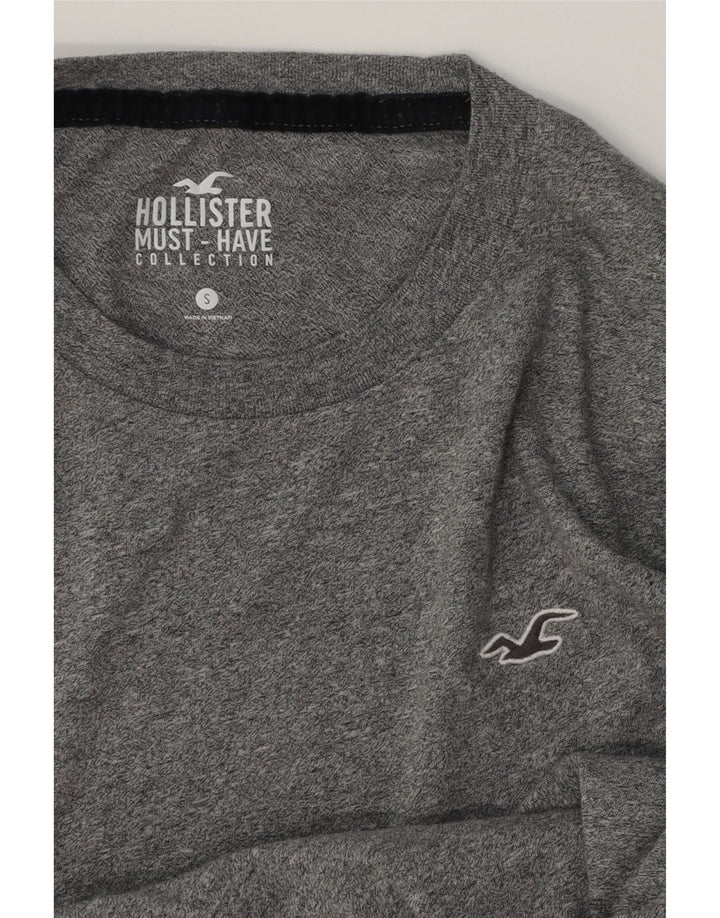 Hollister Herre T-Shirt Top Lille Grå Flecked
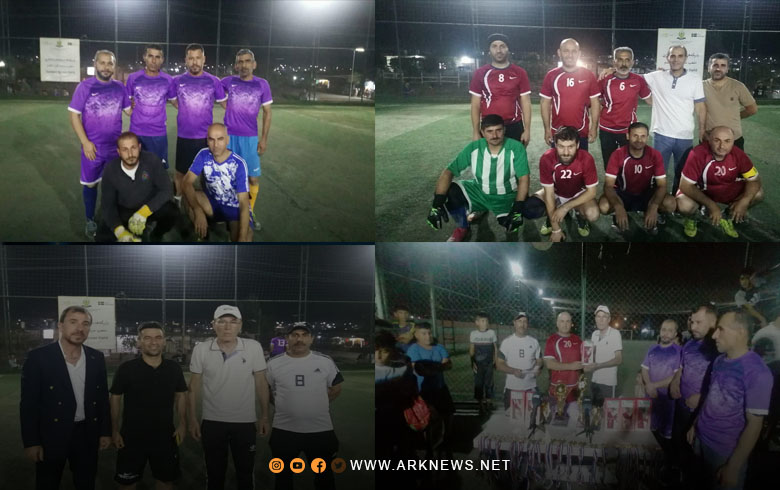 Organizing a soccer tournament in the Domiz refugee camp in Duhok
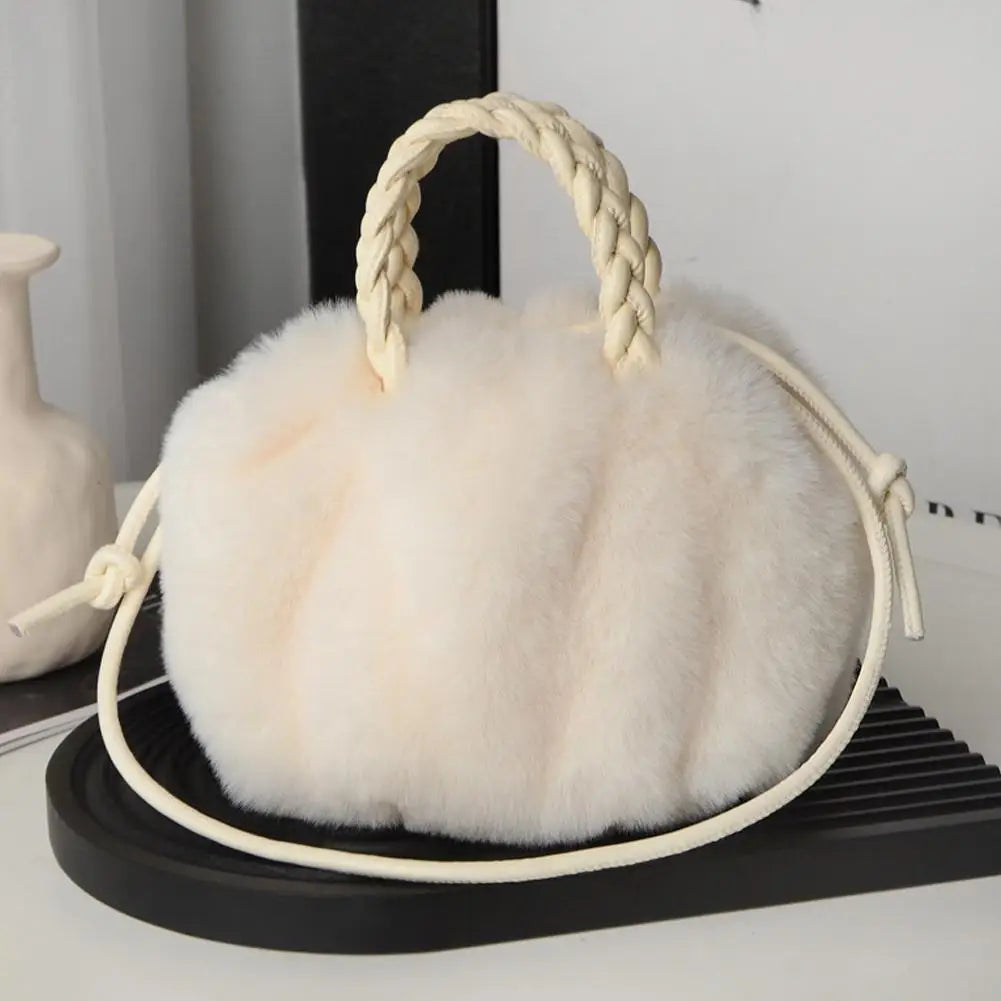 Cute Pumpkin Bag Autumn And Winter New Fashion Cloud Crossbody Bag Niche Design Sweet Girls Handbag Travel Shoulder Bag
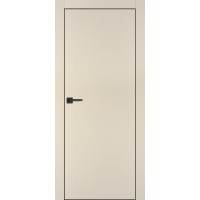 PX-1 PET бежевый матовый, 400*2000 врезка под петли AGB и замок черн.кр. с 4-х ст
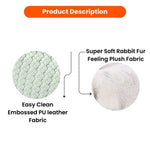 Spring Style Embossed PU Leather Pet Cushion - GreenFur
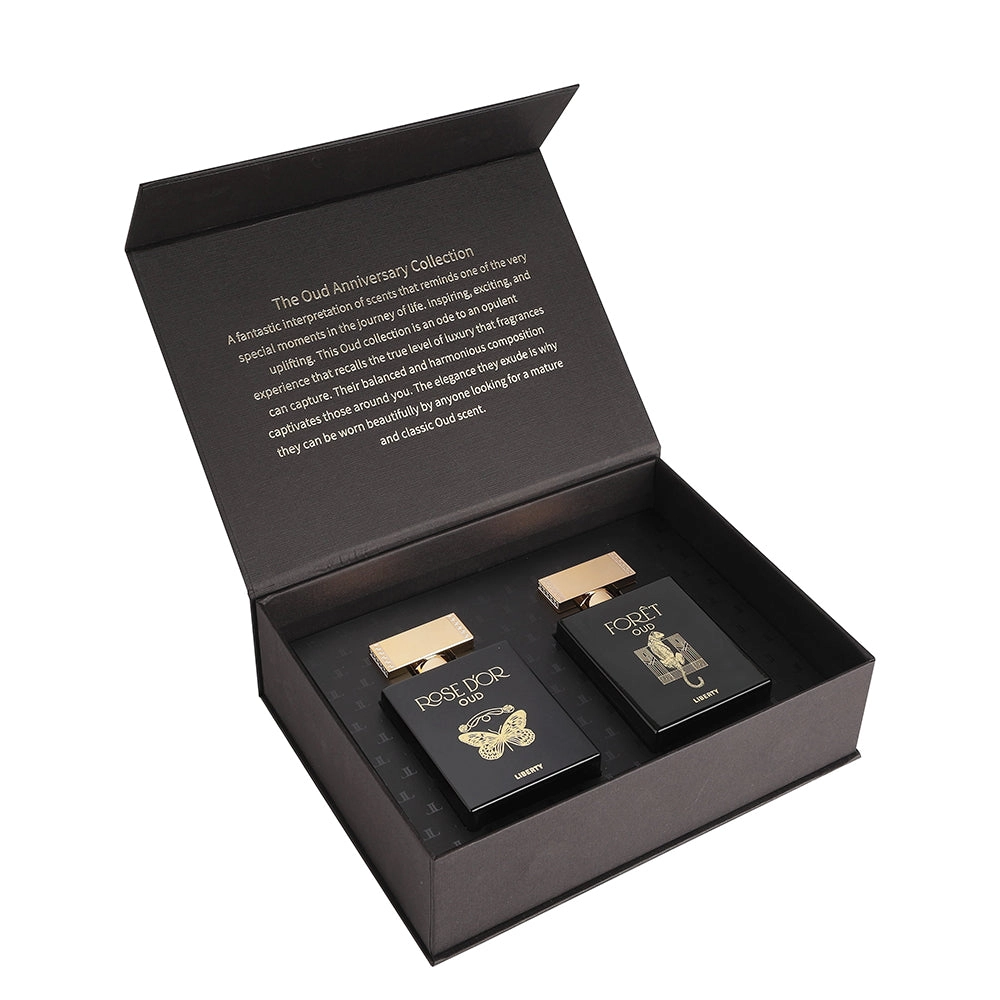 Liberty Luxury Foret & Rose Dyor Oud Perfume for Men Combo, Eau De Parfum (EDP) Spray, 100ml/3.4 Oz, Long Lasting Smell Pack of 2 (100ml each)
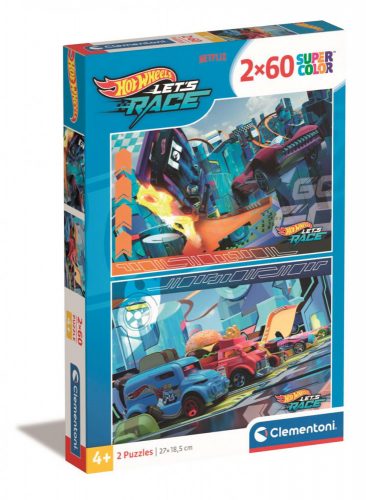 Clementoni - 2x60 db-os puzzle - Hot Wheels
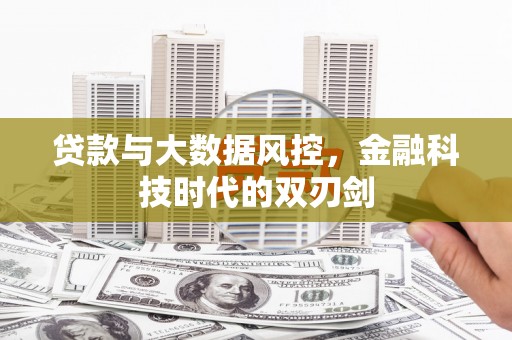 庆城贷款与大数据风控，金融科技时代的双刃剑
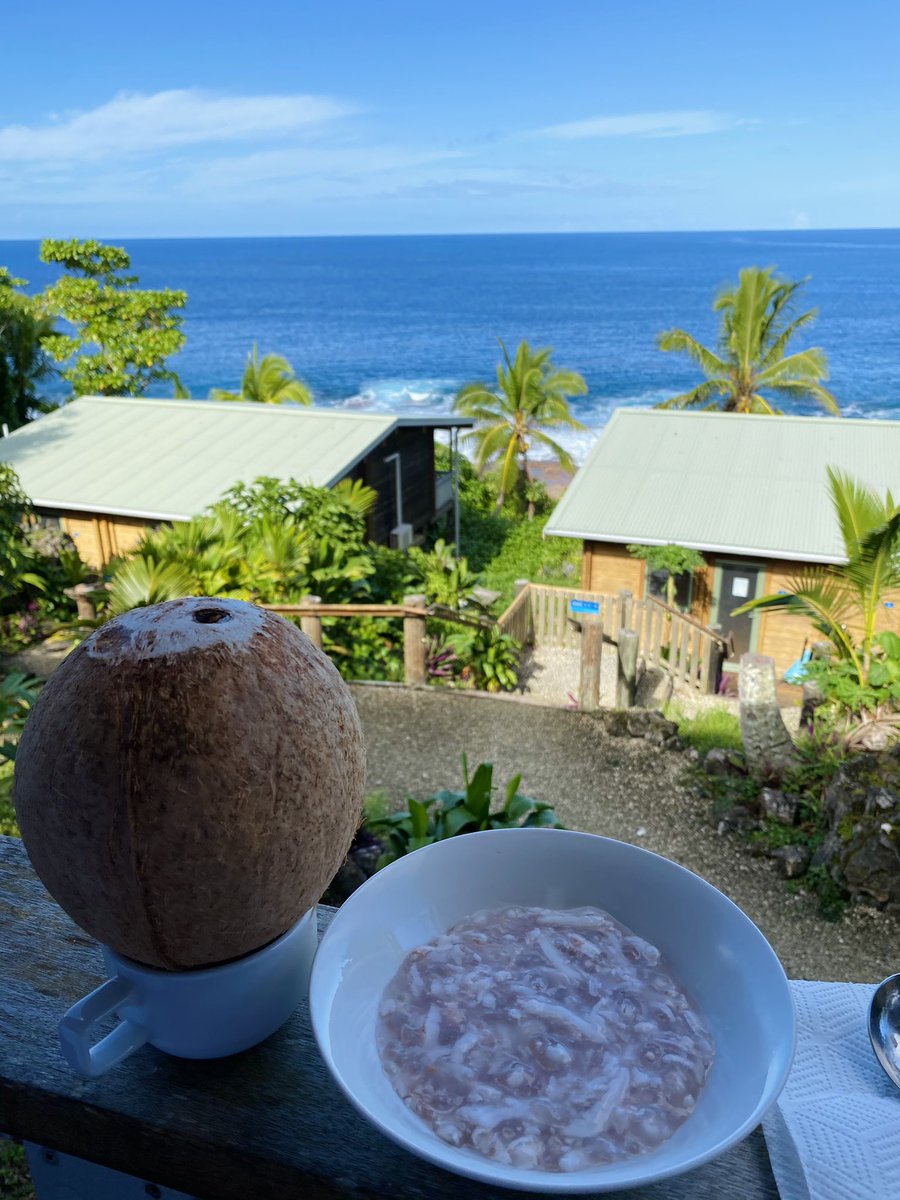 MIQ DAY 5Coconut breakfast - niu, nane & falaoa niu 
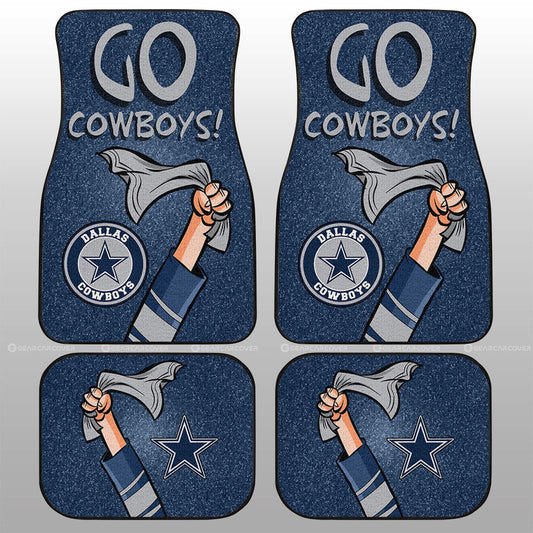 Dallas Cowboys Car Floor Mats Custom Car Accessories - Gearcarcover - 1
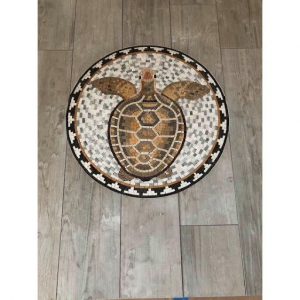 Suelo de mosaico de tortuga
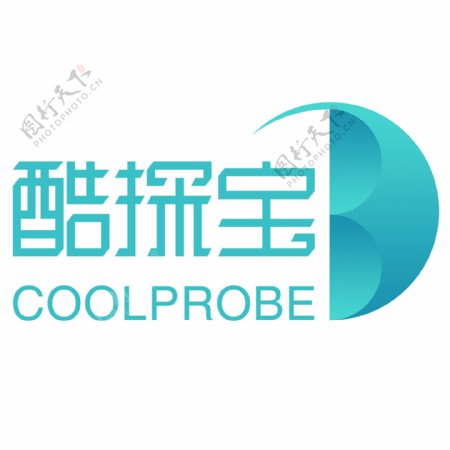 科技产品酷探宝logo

———

> _DESCRIPTION OF THE TASK_: Skip the pictures, please, and transcribe only the lines from the beginning of the material through the one that contains "Liberty Luxury Foret".

> _EXERCISE RESULT_:
 Hollister Herre T-Shirt Top Lille Grå Flecked
 Organizing a soccer tournament in the Domiz refugee camp in Duhok
 Cute Pumpkin Bag Autumn And Winter New Fashion Cloud Crossbody Bag Niche Design Sweet Girls Handbag Travel Shoulder Bag
 PX-1 PET бежевый матовый, 400*2000 врезка под петли AGB и замок черн.кр. с 4-х ст
 Spring Style Embossed PU Leather Pet Cushion - GreenFur
 Liberty Luxury Foret & Rose Dyor Oud Perfume for Men Combo, Eau De Parfum (EDP) Spray, 100ml/3.4 Oz, Long Lasting Smell Pack of 2 (100ml each)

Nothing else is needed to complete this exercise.